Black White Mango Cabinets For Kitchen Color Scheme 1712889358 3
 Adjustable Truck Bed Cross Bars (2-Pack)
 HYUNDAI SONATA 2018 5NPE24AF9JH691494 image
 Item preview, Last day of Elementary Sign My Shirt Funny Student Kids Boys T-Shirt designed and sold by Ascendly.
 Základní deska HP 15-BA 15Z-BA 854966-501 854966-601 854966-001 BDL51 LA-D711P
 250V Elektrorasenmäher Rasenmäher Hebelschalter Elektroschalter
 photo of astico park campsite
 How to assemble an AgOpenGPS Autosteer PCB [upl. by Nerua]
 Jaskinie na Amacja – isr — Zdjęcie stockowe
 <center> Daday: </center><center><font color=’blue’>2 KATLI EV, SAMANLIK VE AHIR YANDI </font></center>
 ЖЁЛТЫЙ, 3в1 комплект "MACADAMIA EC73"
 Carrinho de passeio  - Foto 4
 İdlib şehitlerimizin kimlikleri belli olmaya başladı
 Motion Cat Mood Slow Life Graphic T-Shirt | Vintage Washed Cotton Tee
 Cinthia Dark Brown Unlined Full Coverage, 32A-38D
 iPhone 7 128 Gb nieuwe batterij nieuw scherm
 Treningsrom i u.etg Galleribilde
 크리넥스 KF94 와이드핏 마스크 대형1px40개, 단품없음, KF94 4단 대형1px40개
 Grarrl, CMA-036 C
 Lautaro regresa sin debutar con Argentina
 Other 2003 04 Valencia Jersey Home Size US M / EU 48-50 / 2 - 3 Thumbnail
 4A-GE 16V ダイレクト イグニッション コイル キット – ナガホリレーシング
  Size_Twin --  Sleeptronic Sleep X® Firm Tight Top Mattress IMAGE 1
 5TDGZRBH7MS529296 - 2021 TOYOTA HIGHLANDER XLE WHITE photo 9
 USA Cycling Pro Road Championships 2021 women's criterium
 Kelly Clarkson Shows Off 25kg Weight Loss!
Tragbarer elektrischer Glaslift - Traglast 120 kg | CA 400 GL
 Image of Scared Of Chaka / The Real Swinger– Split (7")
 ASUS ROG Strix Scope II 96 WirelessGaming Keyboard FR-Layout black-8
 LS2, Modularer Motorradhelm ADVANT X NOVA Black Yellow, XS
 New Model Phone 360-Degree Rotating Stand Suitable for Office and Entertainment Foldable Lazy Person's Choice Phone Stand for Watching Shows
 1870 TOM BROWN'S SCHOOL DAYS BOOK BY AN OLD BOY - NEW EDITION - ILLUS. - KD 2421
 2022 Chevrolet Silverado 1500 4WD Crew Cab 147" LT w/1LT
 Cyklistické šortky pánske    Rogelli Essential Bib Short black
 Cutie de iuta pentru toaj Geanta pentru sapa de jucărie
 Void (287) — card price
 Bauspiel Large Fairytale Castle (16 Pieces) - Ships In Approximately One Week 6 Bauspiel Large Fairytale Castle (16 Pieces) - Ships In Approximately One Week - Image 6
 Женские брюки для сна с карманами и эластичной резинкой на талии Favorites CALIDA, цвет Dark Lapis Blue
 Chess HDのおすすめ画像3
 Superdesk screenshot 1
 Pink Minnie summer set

= = = = = = =

Work item
Show, from the material above, each line that includes the string "Shirt".

Output below
 Item preview, Last day of Elementary Sign My Shirt Funny Student Kids Boys T-Shirt designed and sold by Ascendly.
 Motion Cat Mood Slow Life Graphic T-Shirt | Vintage Washed Cotton Tee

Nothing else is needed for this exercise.